Look below for the line with "Готовлю Борщ в" and the line with "Bolle combat glasses"; repeat exactly those two lines and all lines between them, but no pictures.

SUPPLIED INFORMATION>
^^^^^^^^

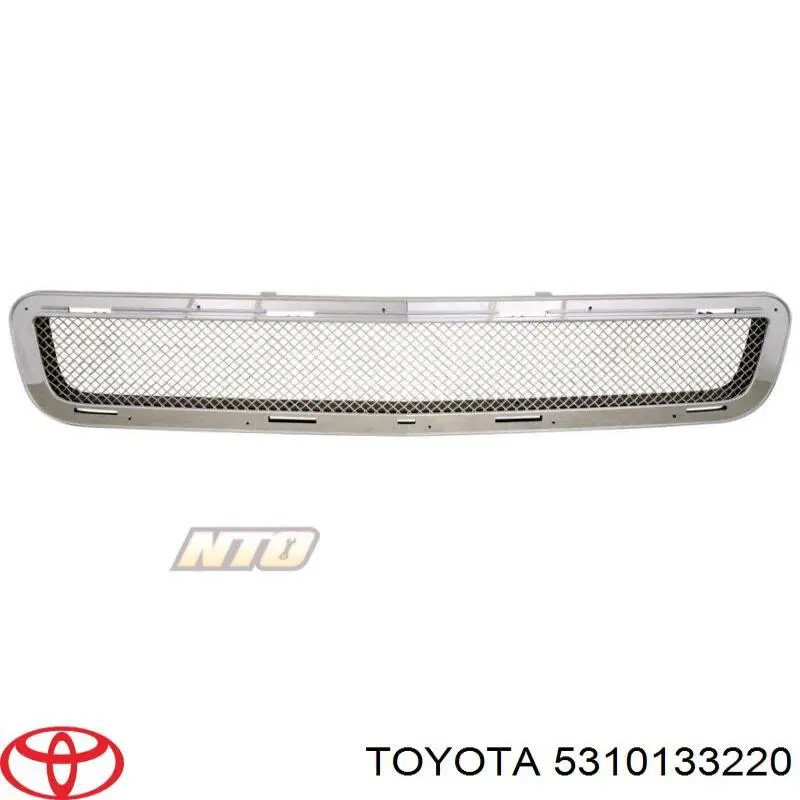 Облицовка радиатора Toyota 5310133220 цена, от 69.68 USD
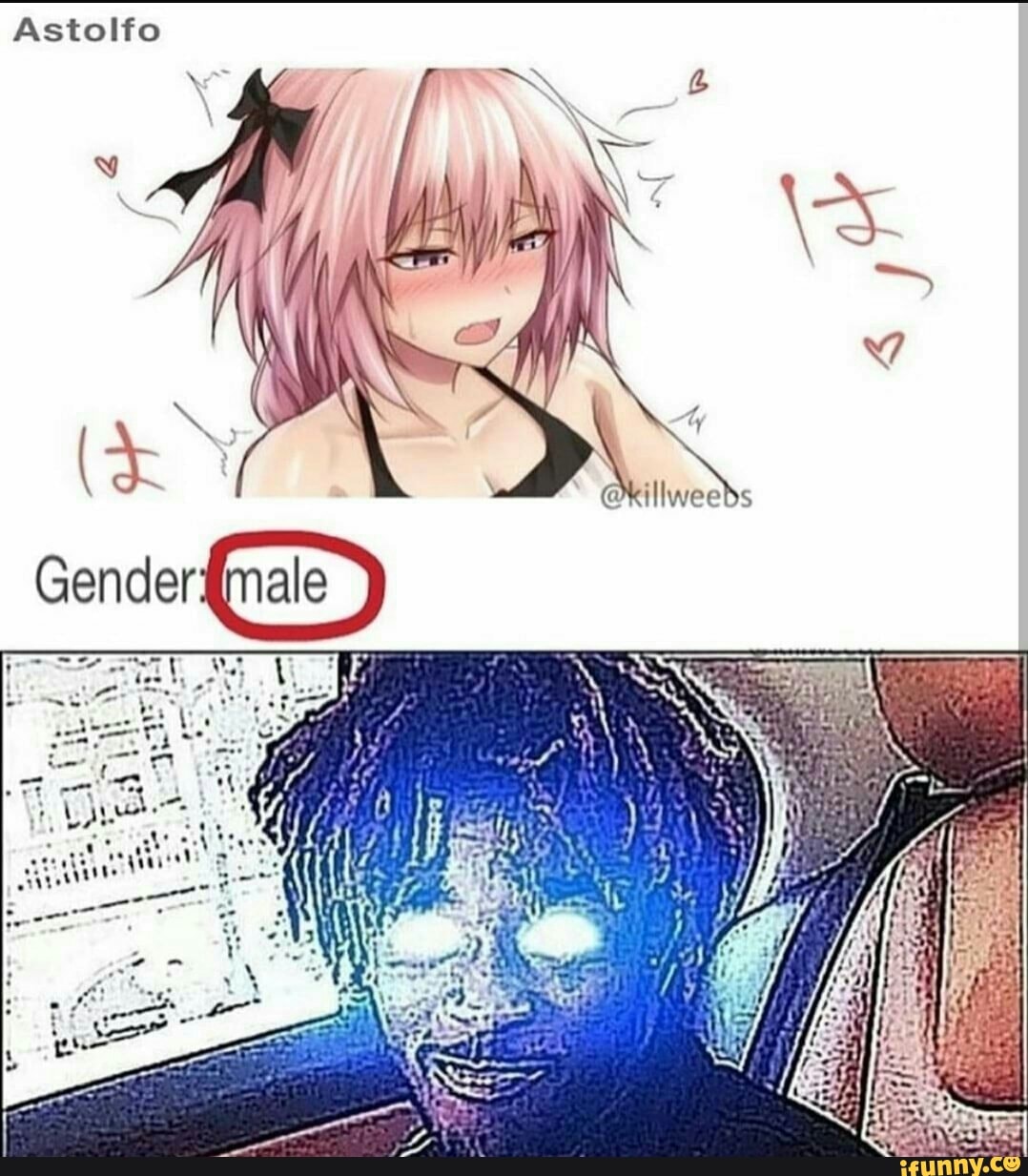 Astolfo gender bend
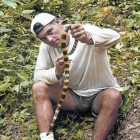 Frank Cuesta, en una imagen del programa 'Wild Frank'.-DISCOVERY MAX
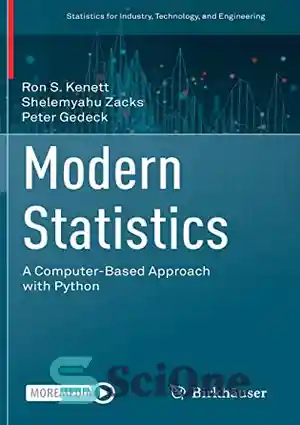 دانلود کتاب Modern Statistics: A Computer-Based Approach with Python – آمار مدرن: رویکردی مبتنی بر رایانه با پایتون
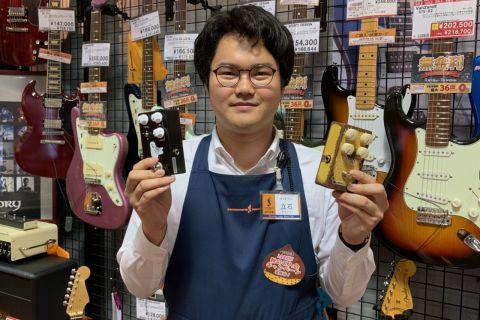 スタッフ写真 エレキギター/エフェクター(見習い) 立石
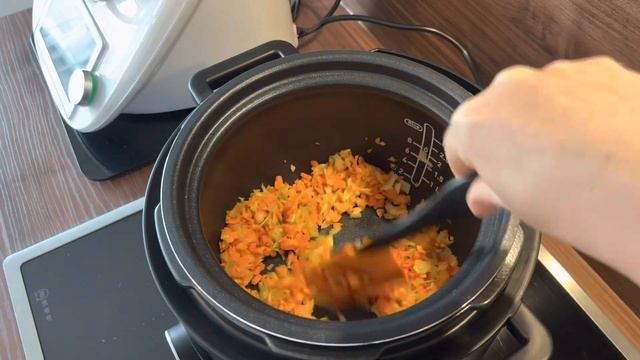 Готовлю Борщ в мультиварке-скороварке•Вкусно быстро и полезно•TEFAL•будни в Германии смотреть онлайн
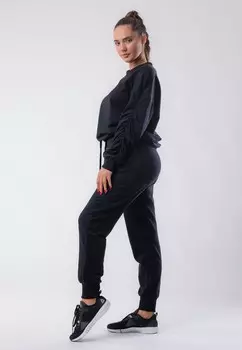 Спортивные брюки zoe, черный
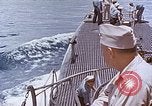Image of Vice Admiral Lockwood Pacific Ocean, 1945, second 29 stock footage video 65675059777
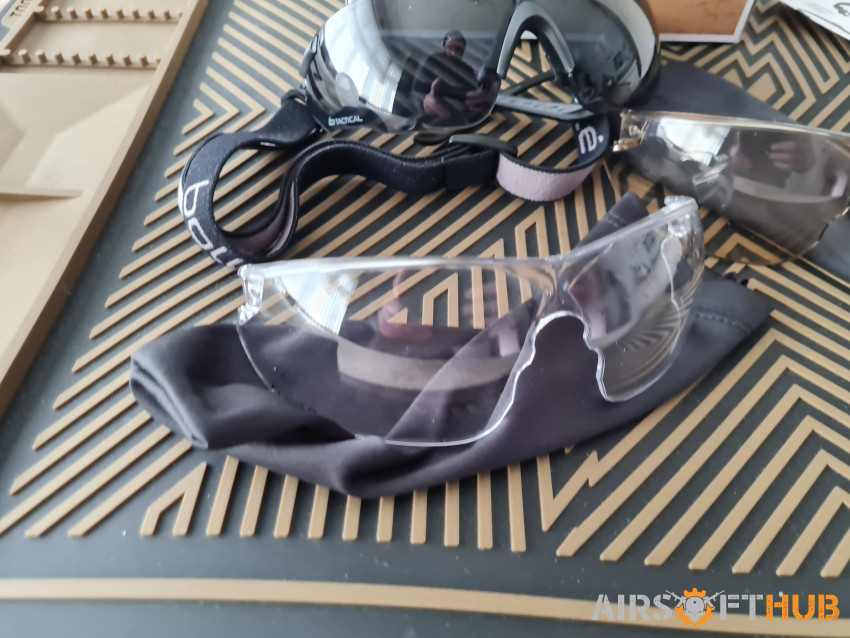 Bolle combat glasses - Used airsoft equipment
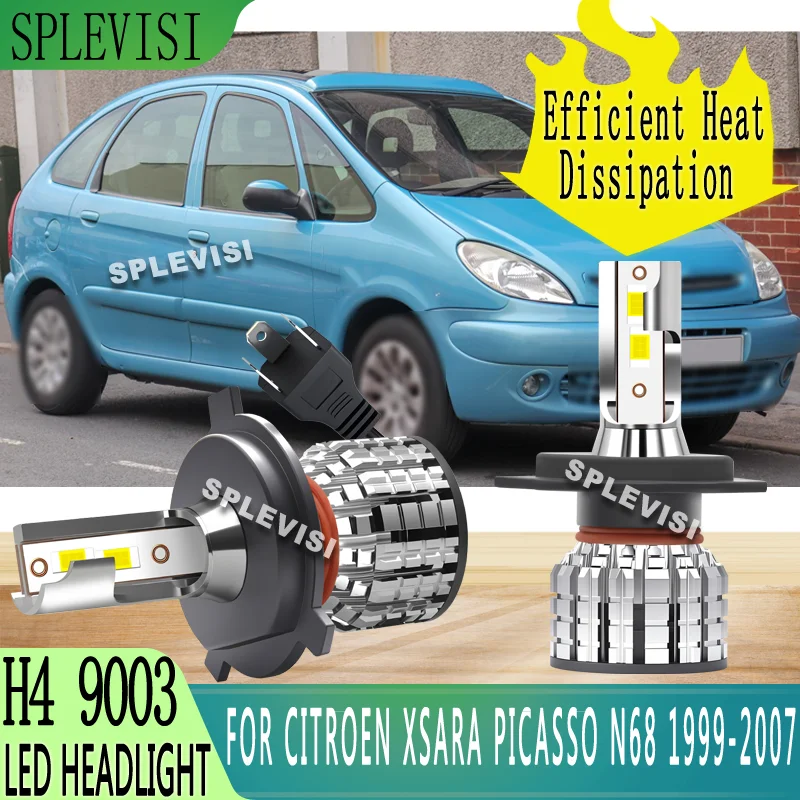 

Fast Heat Dissipatio Warranty 3 year Headlight Bulbs LED FOR Citroen Xsara Picasso N68 1999 2000 2001 2002 2003 2004 2005-2007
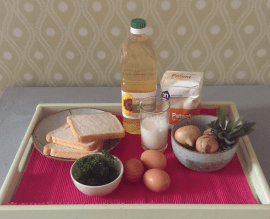 Fritters ingredienten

^^^^^^^^

SOLVED PROBLEM>
 Готовлю Борщ в мультиварке-скороварке•Вкусно быстро и полезно•TEFAL•будни в Германии смотреть онлайн
 Спортивные брюки zoe, черный
Image of Vice Admiral Lockwood Pacific Ocean, 1945, second 29 stock footage video 65675059777
 Bolle combat glasses - Used airsoft equipment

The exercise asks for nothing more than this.